Dans l’industrie minière, le mercure est utilisé pour séparer l’or des autres sédiments. La pollution au mercure échappe à tout contrôle, particulièrement en raison de l’exploitation minière illégale : rien que dans la région amazonienne, les mines illicites seraient au nombre de 2500 d’après les données de la nouvelle plateforme géoréférencée. Elles pollueraient les eaux de l’Amazone avec environ 30 tonnes de mercure chaque année, ce qui dépasse de 34 fois en moyenne les limites considérées comme sûres.
La pollution au mercure est importante et bien plus avancée que supposée jusqu’à présent. Elle ne touche pas seulement l’Amazonie, mais s’étend à la région au nord du Pantanal, par l’intermédiaire des fleuves Rio Cuiabá et Rio Paraguay.
Une étude de l’Universidade Federal Fluminense a mis en évidence, dans le district de Cachoeirinha, à Manaus (la capitale de l’Etat de l’Amazonas) un taux de contamination au sein de la population deux fois plus élevé que la valeur jugée sans danger par les autorités sanitaires internationales.
Il faut 1,3 kg de mercure pour produire un kilo d’or. Le Brésil déclare une production annuelle d’environ 100 tonnes de ce précieux métal. D’après l’inventaire national des émissions et disséminations de mercure publié en 2018 par le ministère brésilien de la Science, de la Technologie, de l’Innovation et des Communications, la production aurifère illégale est cependant huit fois plus importante que celle qui est officiellement déclarée.
L’exploitation légale et illégale de l’or a des conséquences extrêmement graves pour l’environnement et les populations locales : déversé dans les fleuves, le poison contamine les individus qui mangent du poisson et des produits agricoles souillés. Pas moins de 70% du mercure utilisé dans le cadre de l’exploitation minière est disséminé dans l’atmosphère, les 30% qui restent se retrouvent dans le sol, l’eau et les terrils laissés par les mineurs. La concentration de mercure mesurée dans les poissons est généralement plus élevée dans les rivières situées à proximité des régions minières. Mais la plateforme montre qu’elle est parfois aussi conséquente dans des régions du Brésil plus lointaines comme celles de Manaus, de Cametá, de Belém ou de Tucuruí.
L’ingestion régulière, bien que minime, de mercure lors de la consommation de poisson entraîne l’accumulation du métal lourd dans l’organisme, ceci pendant des années. Une étude sur les effets du mercure dans les zones protégées et sur les habitants des forêts de l’Est de la région amazonienne a révélé que quatre enfants de moins de cinq ans sur dix présentaient déjà des concentrations élevées de mercure.
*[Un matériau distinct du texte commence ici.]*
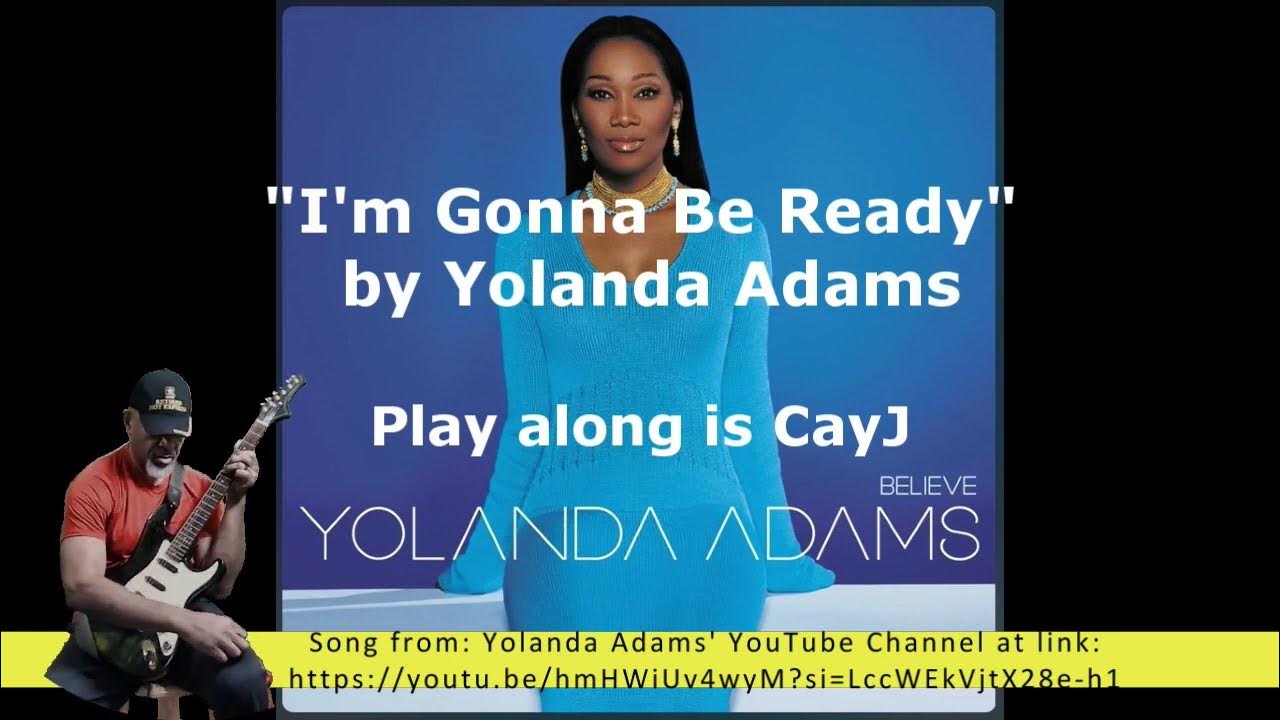 Yolanda Adams I Am Gonna Be Ready Lyrics "I'm Gonna Be Ready" by Yolanda Adams - Guitar Play along by CayJ - YouTube
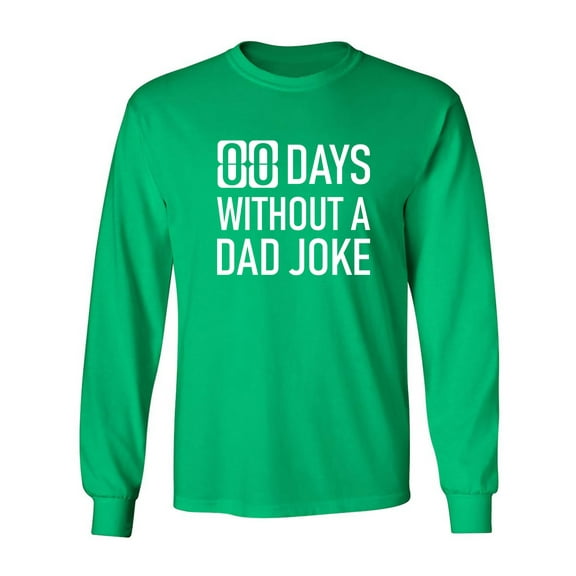 Zero Days Without A Dad Joke Adult Long Sleeve T-shirt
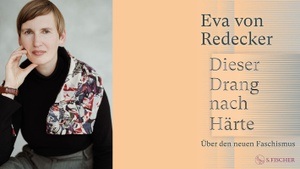 »Dieser Drang nach Härte. Über den neuen Faschismus« Ein Abend mit Eva von Redecker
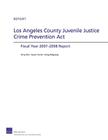 Los Angeles County Juvenile Justice Crime Prevention ACT: Fiscal Year 2007-2008 Report Cover Image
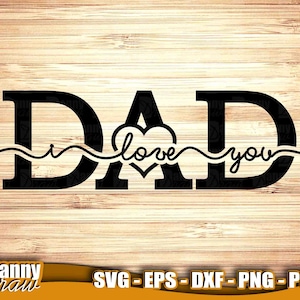 PAI svg, eu te amo PAI, Dia dos Pais svg, Meu primeiro amor, Vida de papai svg, DD0169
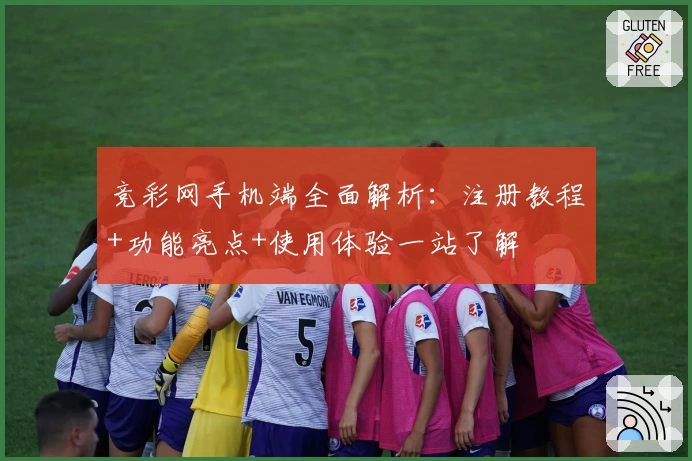 竞彩网手机端全面解析：注册教程+功能亮点+使用体验一站了解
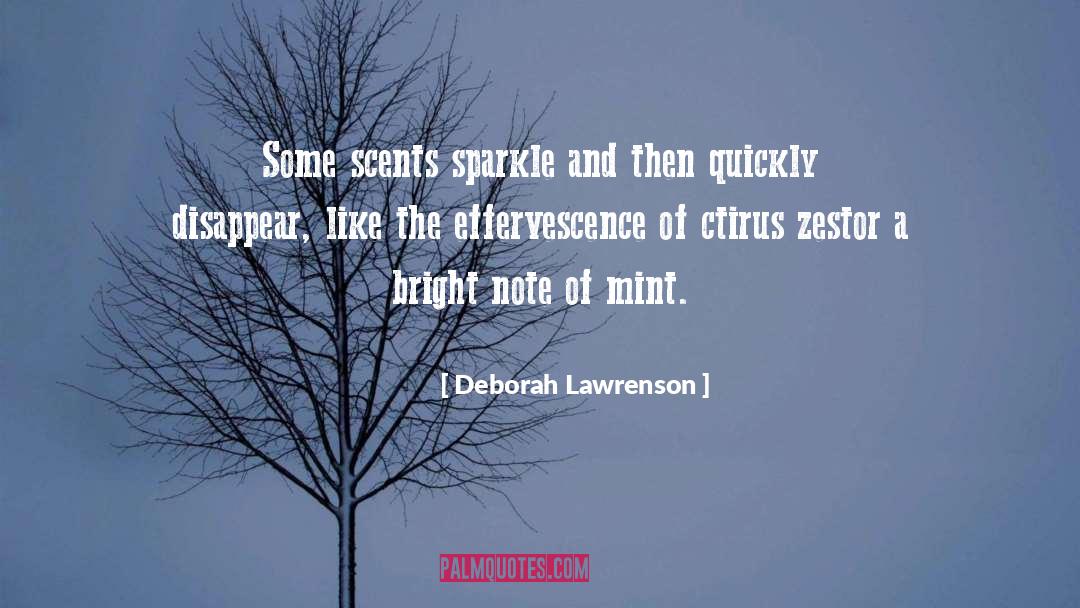 Scents quotes by Deborah Lawrenson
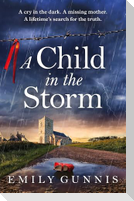 A Child in the Storm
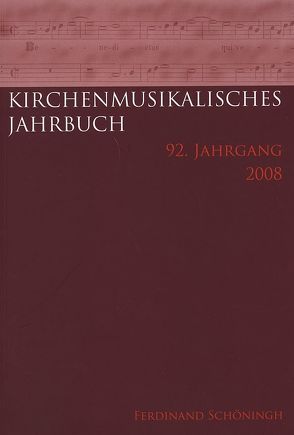 Kirchenmusikalisches Jahrbuch – 92. Jahrgang 2008 von Massenkeil,  Günther
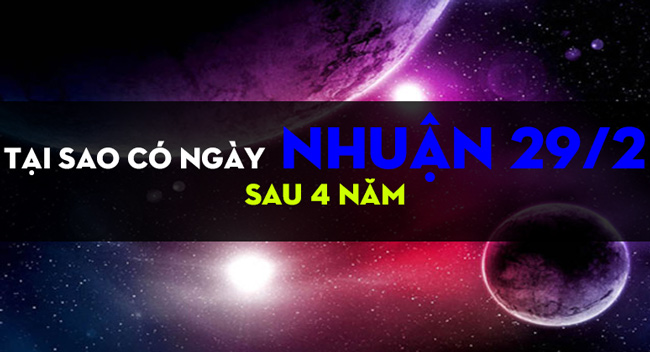 Tại Sao Có Ngày Nhuận 29/2 Sau 4 năm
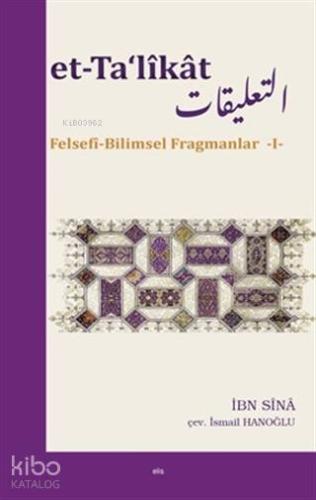 et-Ta'likat; Felsefi-Bilimsel Fragmanlar 1 | İbni Sina | Elis Yayınlar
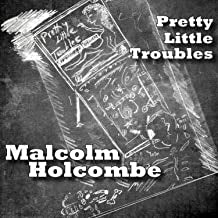 MALCOLM HOLCOMBE - Pretty Little Troubles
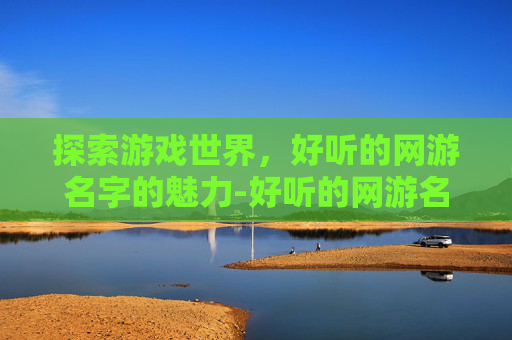 探索游戏世界，好听的网游名字的魅力-好听的网游名字大全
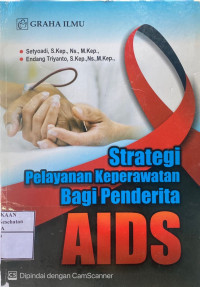 Image of Strategi Pelayanan Keperawatan Bagi Penderita AIDS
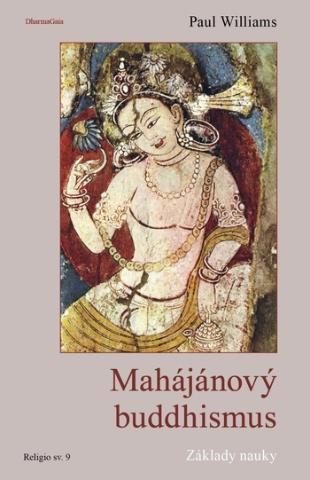 Kniha: Mahájánový buddhismus - Doktrinální základy - Paul Williams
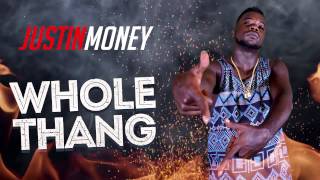 Justin Money - Whole Thang (Audio)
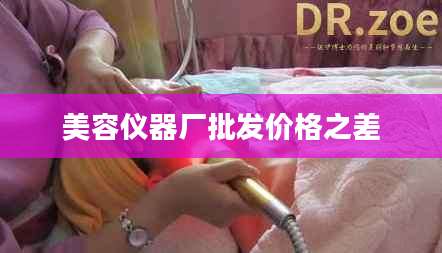 美容仪器厂批发价格之差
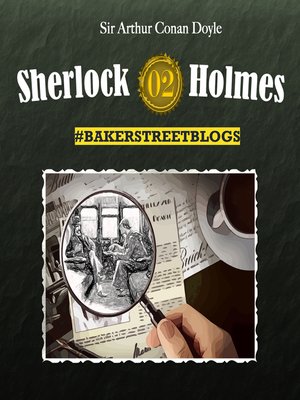 cover image of Sherlock Holmes, Bakerstreet Blogs, Folge 2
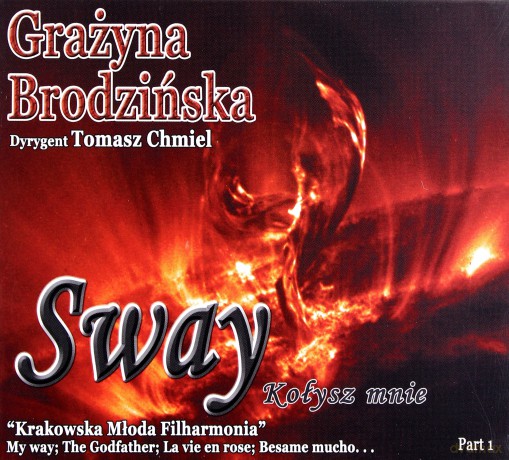 Grażyna Brodzińska: Sway - Part 1 (digipack) [CD]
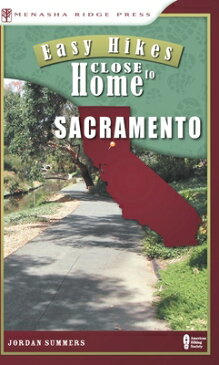 Easy Hikes Close to Home: Sacramento EASY HIKES CLOSE TO HOME （Easy Hikes Close to Home） [ Jordan Summers ]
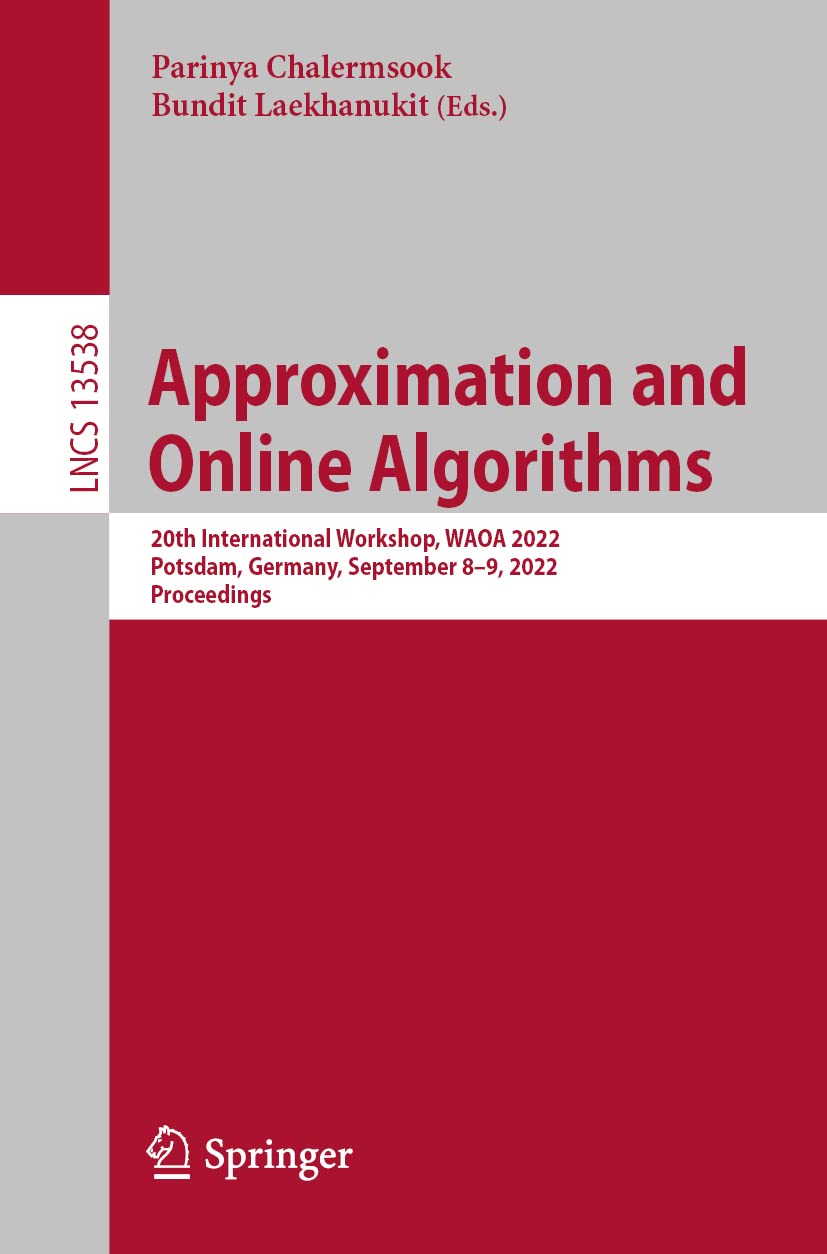 Approximation and Online Algorithms: 20th International Workshop, WAOA 2022, Potsdam, Germany, September 8–9, 2022, Proceedings (Lecture Notes in Computer Science, Band 13538) Computer Science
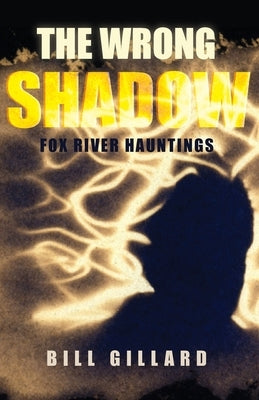 The Wrong Shadow by Gillard, Bill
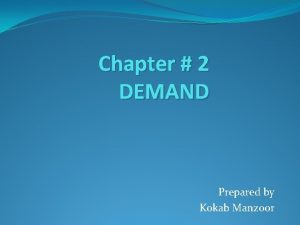 Chapter 2 DEMAND Prepared by Kokab Manzoor Chapters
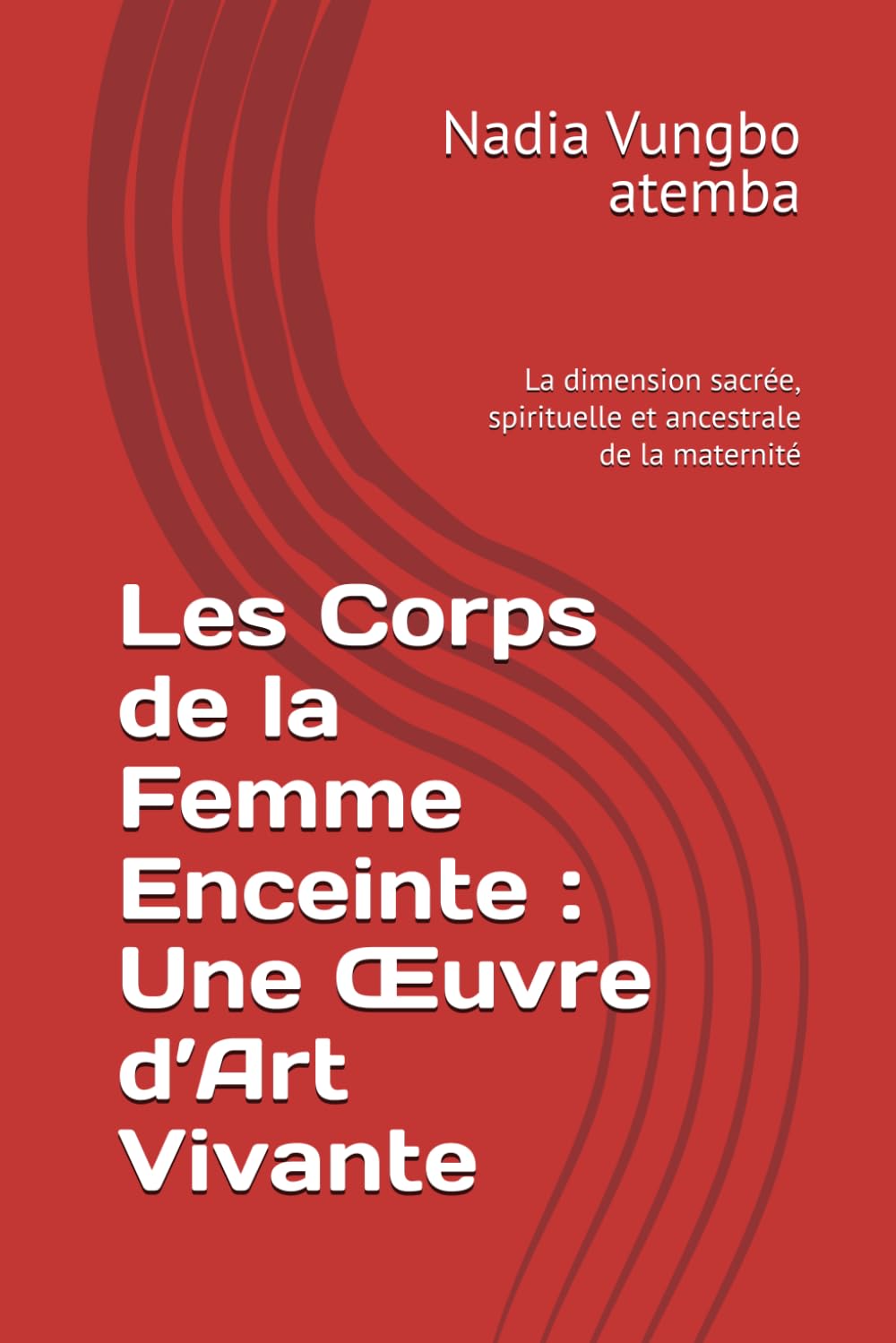 Les Corps de la Femme Enceinte : Une Œuvre d’Art Vivante: La dimension sacrée, spirituelle et ancestrale de la maternité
Dans l’organisme humain, ce métal lourd agit directement sur le système nerveux central et peut alors provoquer la cécité, des troubles de la fonction cérébrale, des problèmes pulmonaires ou des malformations chez les enfants à naître. Dans le cas des enfants de moins de cinq ans, dont le cerveau et le corps sont encore en plein développement, cette situation est particulièrement inquiétante.
Bien que l’Amazonie et les villes de Manaus, Belém ou Tucuruí soient situées à des milliers kilomètres de la Suisse, notre pays joue un rôle important dans ces activités toxiques: près de 60 à 70% de l’or extrait du sous-sol de la planète est traité dans des raffineries helvétiques (soit approximativement 2400 tonnes en 2017). Dans ce contexte, notre pays a une grande responsabilité, tant du point de vue écologique que social. A ce jour, il n’existe pas de loi interdisant l’importation d’or produit à l’aide de mercure. Quant à l’or issu de pratiques illégales, il n’a toujours aucune peine à arriver en Suisse. C’est pourquoi il est nécessaire d’améliorer la réglementation, mais aussi l’engagement des raffineries et des entreprises qui s’approvisionnent en or, comme les banques, les producteurs de bijoux et de montres ou les entreprises du secteur de la technologie.